# Finetuning A Bert Model for Span Categorization

This notebook aims to demonstrate how to finetune a Span Categorization Model with BERT and use it to produce out-of-sample predicted probabilities for each token of each span class. These are required to find label issues in span classification dataset with cleanlab. The specific span classification task we consider here is Extractive Question Answering with the SQuAD dataset, and we train a Transformer model from HuggingFace's transformers library. This notebook demonstrates how to produce the `pred_probs`, using them to find label issues is demonstrated in `"find label errors in span classification dataset"` tutorial.

***Note: running this notebook requires the .py files in the same folder.***

Overview of what we'll do in this notebook:
    - Read and process an Extractive Question Answering dataset.
    - Compute out-of-sample predicted probability by training a BERT transformer model via cross-validation
    - Separate question and context tokens for more meaningful error detection

## 1. Load data and required dependencies

In [1]:
import os
from datasets import load_dataset
from sklearn.model_selection import KFold
import numpy as np

from cleanlab.internal.token_classification_utils import process_token

from spanbert import QA, QATrainer
from span_classification_tutorial_utils import to_dict

  from .autonotebook import tqdm as notebook_tqdm


In [2]:
NUM_EXAMPLES = 100
NUM_SPLITS = 3
model_folder_path = "./folds"

raw_datasets = load_dataset("squad", split=f"train[:{NUM_EXAMPLES}]")

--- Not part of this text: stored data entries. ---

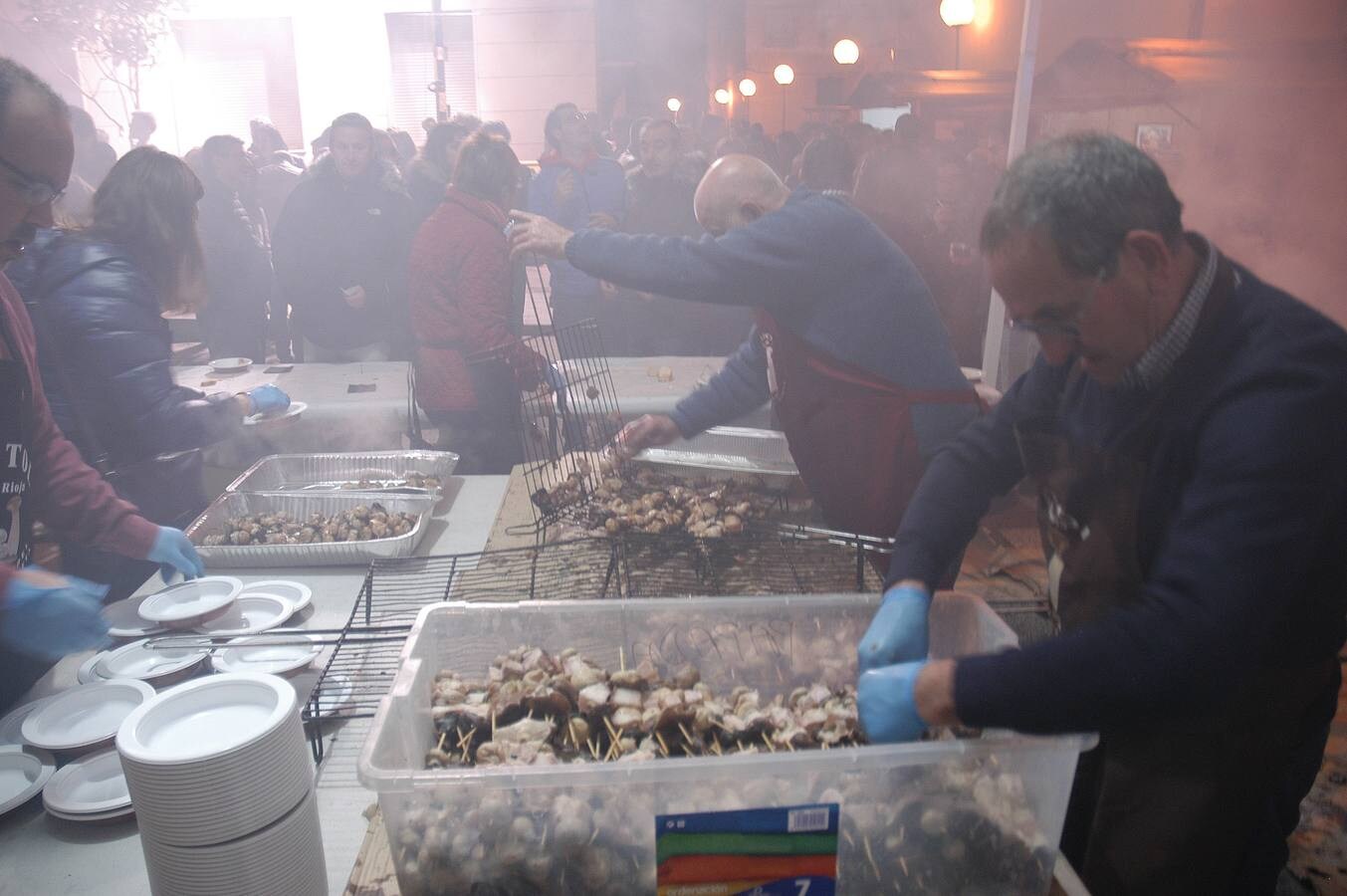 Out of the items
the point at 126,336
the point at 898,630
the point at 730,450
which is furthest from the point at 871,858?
the point at 126,336

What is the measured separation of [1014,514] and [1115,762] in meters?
3.37

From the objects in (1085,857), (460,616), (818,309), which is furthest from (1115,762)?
(818,309)

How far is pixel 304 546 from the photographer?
2393 millimetres

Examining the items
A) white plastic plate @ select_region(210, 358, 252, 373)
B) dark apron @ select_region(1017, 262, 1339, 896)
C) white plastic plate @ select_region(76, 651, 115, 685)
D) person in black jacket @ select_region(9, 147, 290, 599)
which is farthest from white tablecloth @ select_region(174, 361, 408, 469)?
dark apron @ select_region(1017, 262, 1339, 896)

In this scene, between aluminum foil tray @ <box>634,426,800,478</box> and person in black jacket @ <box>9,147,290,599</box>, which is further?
aluminum foil tray @ <box>634,426,800,478</box>

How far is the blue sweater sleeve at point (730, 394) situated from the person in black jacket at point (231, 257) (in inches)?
139

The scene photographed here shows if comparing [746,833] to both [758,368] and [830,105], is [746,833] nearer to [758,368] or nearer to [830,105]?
[758,368]

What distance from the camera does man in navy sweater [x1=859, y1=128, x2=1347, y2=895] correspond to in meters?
1.01

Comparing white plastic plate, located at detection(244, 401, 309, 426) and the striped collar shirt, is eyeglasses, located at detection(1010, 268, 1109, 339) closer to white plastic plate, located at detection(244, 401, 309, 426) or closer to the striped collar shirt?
the striped collar shirt

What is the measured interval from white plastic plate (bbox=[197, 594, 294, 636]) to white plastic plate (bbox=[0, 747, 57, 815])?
46 cm

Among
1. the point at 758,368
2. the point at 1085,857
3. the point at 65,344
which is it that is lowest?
the point at 1085,857

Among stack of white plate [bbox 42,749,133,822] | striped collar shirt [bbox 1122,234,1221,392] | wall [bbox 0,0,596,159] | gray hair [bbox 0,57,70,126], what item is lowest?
stack of white plate [bbox 42,749,133,822]

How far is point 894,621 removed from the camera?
142cm

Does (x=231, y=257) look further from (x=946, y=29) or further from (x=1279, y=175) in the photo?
(x=946, y=29) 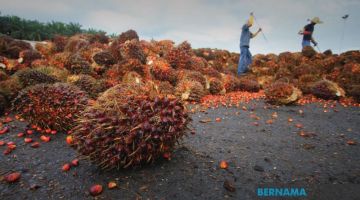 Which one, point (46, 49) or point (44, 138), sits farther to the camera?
point (46, 49)

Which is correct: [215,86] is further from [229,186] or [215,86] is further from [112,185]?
[112,185]

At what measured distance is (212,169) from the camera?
2.53 metres

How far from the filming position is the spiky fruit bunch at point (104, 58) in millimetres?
6215

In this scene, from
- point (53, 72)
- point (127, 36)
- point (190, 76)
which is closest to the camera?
point (53, 72)

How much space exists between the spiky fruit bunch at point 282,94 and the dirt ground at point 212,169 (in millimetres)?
2342

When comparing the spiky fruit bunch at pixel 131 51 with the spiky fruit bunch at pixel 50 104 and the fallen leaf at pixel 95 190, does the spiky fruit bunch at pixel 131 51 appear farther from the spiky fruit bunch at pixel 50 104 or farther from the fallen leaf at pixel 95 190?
the fallen leaf at pixel 95 190

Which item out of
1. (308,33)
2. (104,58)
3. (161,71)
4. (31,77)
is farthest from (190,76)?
(308,33)

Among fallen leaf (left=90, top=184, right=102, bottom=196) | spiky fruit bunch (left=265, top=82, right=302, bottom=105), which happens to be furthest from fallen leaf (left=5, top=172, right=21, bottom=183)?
spiky fruit bunch (left=265, top=82, right=302, bottom=105)

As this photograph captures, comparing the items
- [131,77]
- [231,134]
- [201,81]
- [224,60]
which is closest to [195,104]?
[201,81]

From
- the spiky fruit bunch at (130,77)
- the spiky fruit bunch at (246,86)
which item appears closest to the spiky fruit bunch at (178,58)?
the spiky fruit bunch at (130,77)

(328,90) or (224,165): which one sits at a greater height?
(328,90)

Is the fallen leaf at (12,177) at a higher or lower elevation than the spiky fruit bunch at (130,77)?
lower

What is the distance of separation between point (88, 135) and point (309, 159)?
2601mm

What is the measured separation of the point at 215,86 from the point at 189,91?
156 cm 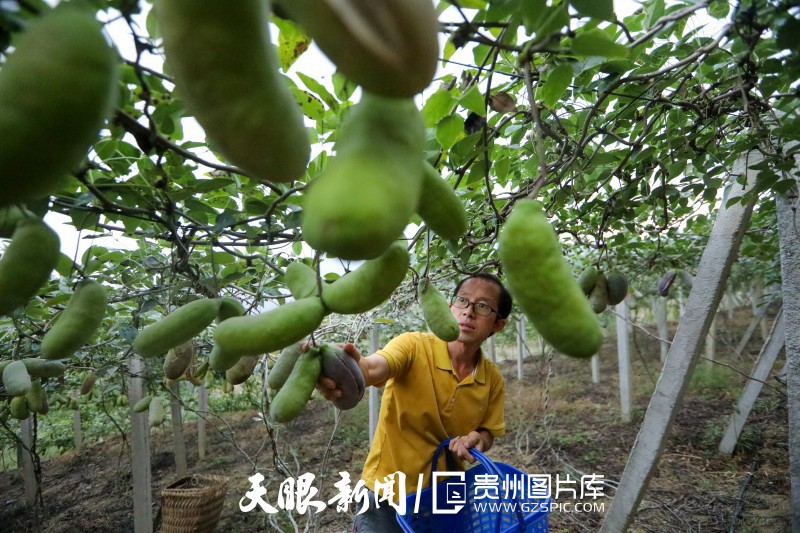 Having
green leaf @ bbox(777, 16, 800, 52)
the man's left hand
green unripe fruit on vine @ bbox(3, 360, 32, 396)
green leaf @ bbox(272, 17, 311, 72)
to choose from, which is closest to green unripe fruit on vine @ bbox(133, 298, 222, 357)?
green leaf @ bbox(272, 17, 311, 72)

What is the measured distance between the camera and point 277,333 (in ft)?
2.12

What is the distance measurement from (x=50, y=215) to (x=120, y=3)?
666 mm

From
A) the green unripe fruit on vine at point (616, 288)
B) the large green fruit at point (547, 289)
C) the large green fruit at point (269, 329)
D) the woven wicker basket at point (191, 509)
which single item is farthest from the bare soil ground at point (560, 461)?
the large green fruit at point (547, 289)

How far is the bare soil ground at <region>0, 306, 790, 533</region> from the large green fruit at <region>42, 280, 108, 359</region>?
129cm

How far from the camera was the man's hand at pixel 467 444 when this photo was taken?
1976 mm

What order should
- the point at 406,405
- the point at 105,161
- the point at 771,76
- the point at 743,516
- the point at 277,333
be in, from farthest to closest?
the point at 743,516
the point at 406,405
the point at 771,76
the point at 105,161
the point at 277,333

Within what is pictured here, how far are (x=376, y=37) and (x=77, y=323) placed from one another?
77 centimetres

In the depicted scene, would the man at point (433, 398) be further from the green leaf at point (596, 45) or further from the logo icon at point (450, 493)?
the green leaf at point (596, 45)

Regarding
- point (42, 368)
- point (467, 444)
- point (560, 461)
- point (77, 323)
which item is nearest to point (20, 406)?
point (42, 368)

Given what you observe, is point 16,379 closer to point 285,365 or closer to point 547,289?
point 285,365

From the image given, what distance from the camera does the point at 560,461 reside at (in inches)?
161

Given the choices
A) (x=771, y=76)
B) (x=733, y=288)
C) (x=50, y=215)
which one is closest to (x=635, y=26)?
(x=771, y=76)

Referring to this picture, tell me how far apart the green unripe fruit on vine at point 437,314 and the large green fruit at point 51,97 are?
879 millimetres

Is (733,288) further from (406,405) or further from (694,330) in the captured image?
(406,405)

We will use the `context`, `question`, and `answers` fields in the dataset. Let's print the first example in our dataset.

In [3]:
print("Context: ", raw_datasets[0]["context"])
print("Question: ", raw_datasets[0]["question"])
print("Answers: ", raw_datasets[0]["answers"])

Context:  Architecturally, the school has a Catholic character. Atop the Main Building's gold dome is a golden statue of the Virgin Mary. Immediately in front of the Main Building and facing it, is a copper statue of Christ with arms upraised with the legend "Venite Ad Me Omnes". Next to the Main Building is the Basilica of the Sacred Heart. Immediately behind the basilica is the Grotto, a Marian place of prayer and reflection. It is a replica of the grotto at Lourdes, France where the Virgin Mary reputedly appeared to Saint Bernadette Soubirous in 1858. At the end of the main drive (and in a direct line that connects through 3 statues and the Gold Dome), is a simple, modern stone statue of Mary.
Question:  To whom did the Virgin Mary allegedly appear in 1858 in Lourdes France?
Answers:  {'text': ['Saint Bernadette Soubirous'], 'answer_start': [515]}


The `context` and `question` fields are straightforward to use. The `answers` field is in format that is used by common span classification datasets. The `text` field is the actual answer to the question in the context and the `answer_start` field contains the starting character index of the answer in the context.

In [3]:
label2id = {'O': 0, 'ANS': 1}
id2label = {v:k for k, v in label2id.items()}
max_length = 384

model_checkpoint = "bert-base-cased"
model = QA(model_checkpoint)
trainer = QATrainer(model, max_length, label2id)

Some weights of BertForSpanClassification were not initialized from the model checkpoint at bert-base-cased and are newly initialized: ['classifier.bias', 'classifier.weight']
You should probably TRAIN this model on a down-stream task to be able to use it for predictions and inference.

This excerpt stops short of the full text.